YOUR ASSIGNMENT
Start at the line in the entries below that contains "Grande faixa de", stop at the line that contains "Pull Out Kitchen", and output exactly the lines in that span, both ends included.

SOURCE MATERIAL
=== Section Start ===
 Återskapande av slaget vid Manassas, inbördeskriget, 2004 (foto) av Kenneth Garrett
=== Section End ===
=== Section Start ===
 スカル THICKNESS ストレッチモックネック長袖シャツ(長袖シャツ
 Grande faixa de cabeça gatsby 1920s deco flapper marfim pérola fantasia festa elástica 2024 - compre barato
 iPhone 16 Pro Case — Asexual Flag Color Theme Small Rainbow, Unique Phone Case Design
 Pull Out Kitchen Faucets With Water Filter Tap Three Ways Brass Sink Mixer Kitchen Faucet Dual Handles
=== Section End ===
THE COMPLETED TASK
 Grande faixa de cabeça gatsby 1920s deco flapper marfim pérola fantasia festa elástica 2024 - compre barato
 iPhone 16 Pro Case — Asexual Flag Color Theme Small Rainbow, Unique Phone Case Design
 Pull Out Kitchen Faucets With Water Filter Tap Three Ways Brass Sink Mixer Kitchen Faucet Dual Handles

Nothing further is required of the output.